_Work item_
One part of the entries below is wanted: the lines from the one containing "아파트 Tinka 마카르스카" through the one containing "Used 2023 Volvo". Write those out exactly and nothing else.

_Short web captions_
════════════════════
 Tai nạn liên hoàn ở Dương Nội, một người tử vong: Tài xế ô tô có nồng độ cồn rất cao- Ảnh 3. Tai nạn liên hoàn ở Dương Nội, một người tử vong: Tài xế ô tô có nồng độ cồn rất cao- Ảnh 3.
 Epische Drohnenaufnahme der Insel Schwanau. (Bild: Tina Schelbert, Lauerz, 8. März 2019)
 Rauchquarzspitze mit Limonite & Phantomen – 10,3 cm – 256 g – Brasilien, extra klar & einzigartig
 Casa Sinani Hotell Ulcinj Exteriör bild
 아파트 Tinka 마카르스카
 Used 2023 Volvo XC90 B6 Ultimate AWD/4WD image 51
════════════════════
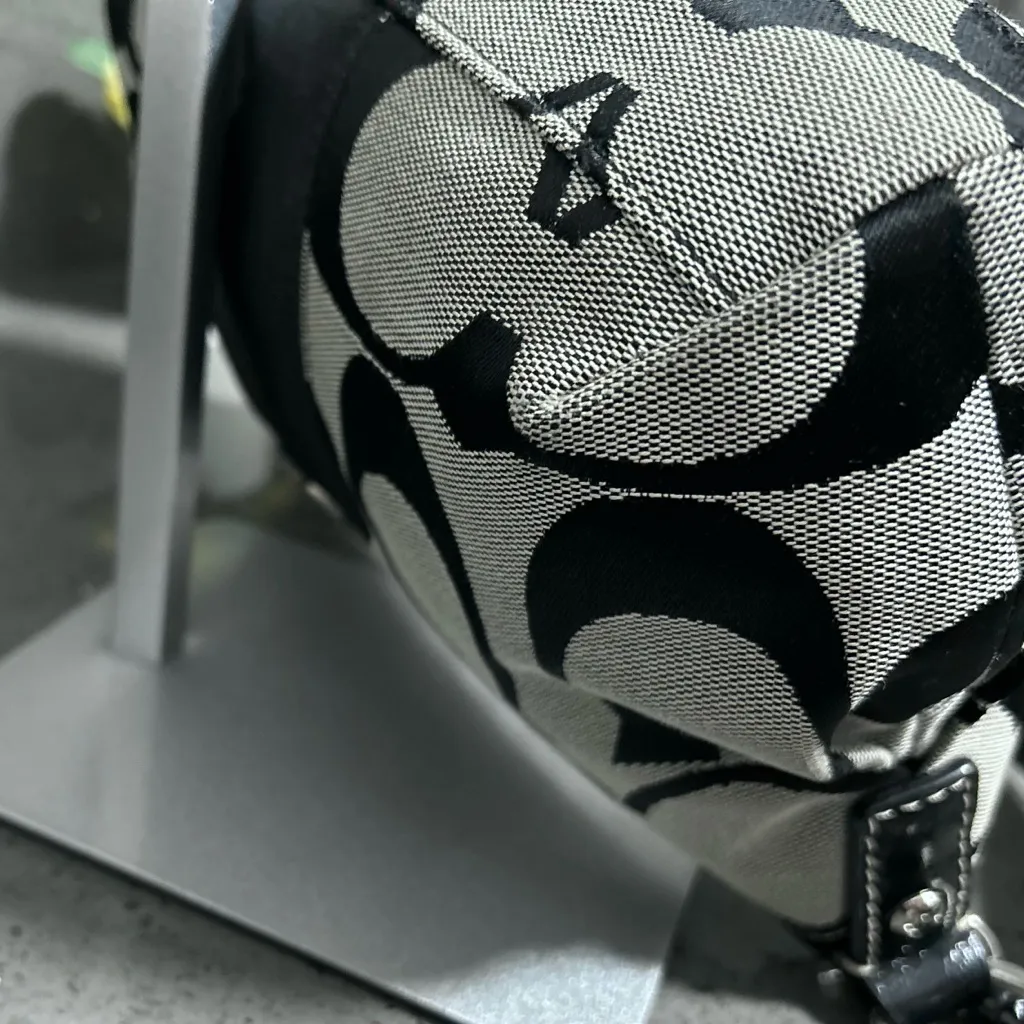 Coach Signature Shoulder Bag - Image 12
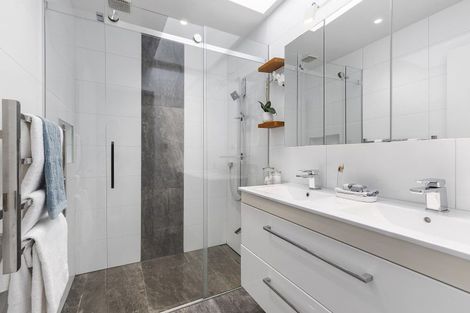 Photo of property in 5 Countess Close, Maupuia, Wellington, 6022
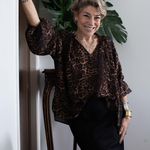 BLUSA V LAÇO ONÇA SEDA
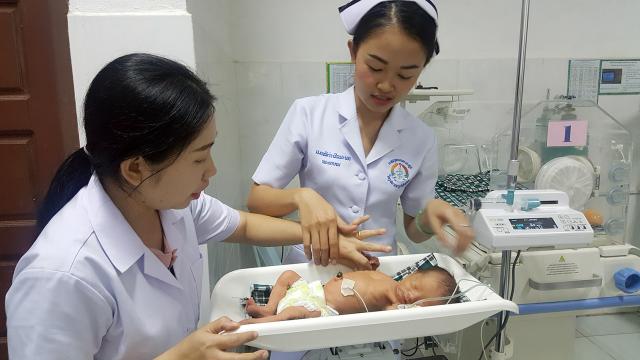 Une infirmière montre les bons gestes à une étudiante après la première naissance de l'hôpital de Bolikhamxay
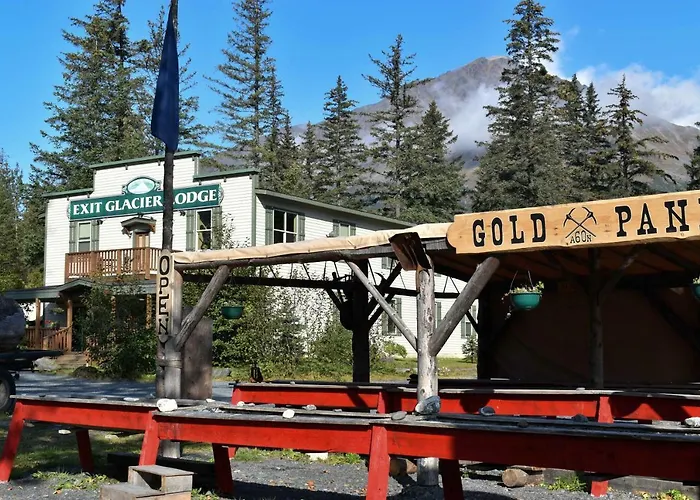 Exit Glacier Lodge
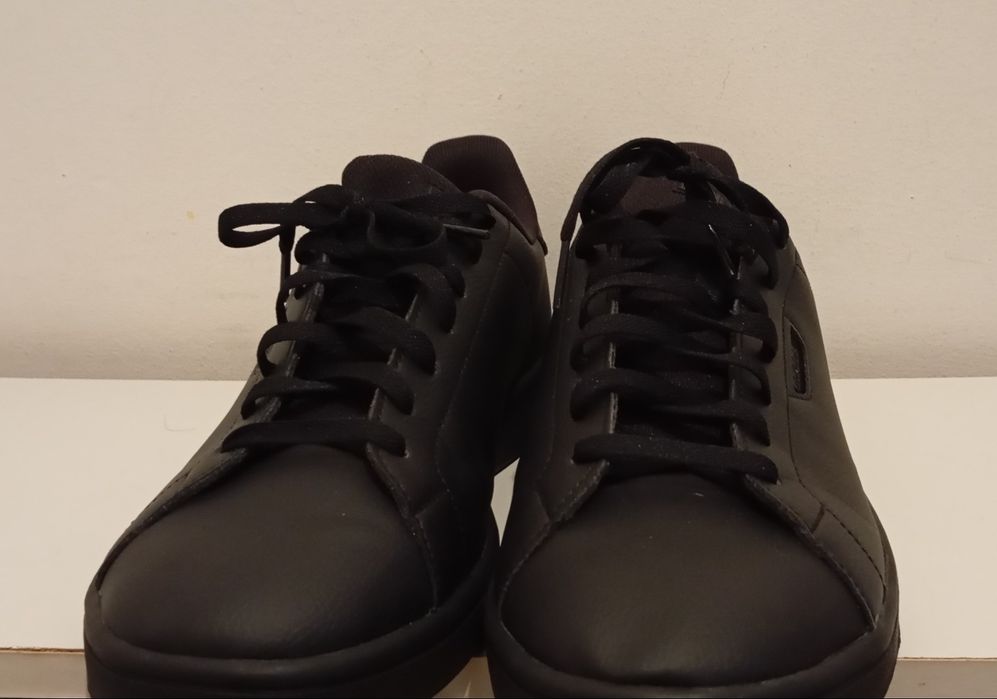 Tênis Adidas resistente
════════════════════
_Answer for the task_
 아파트 Tinka 마카르스카
 Used 2023 Volvo XC90 B6 Ultimate AWD/4WD image 51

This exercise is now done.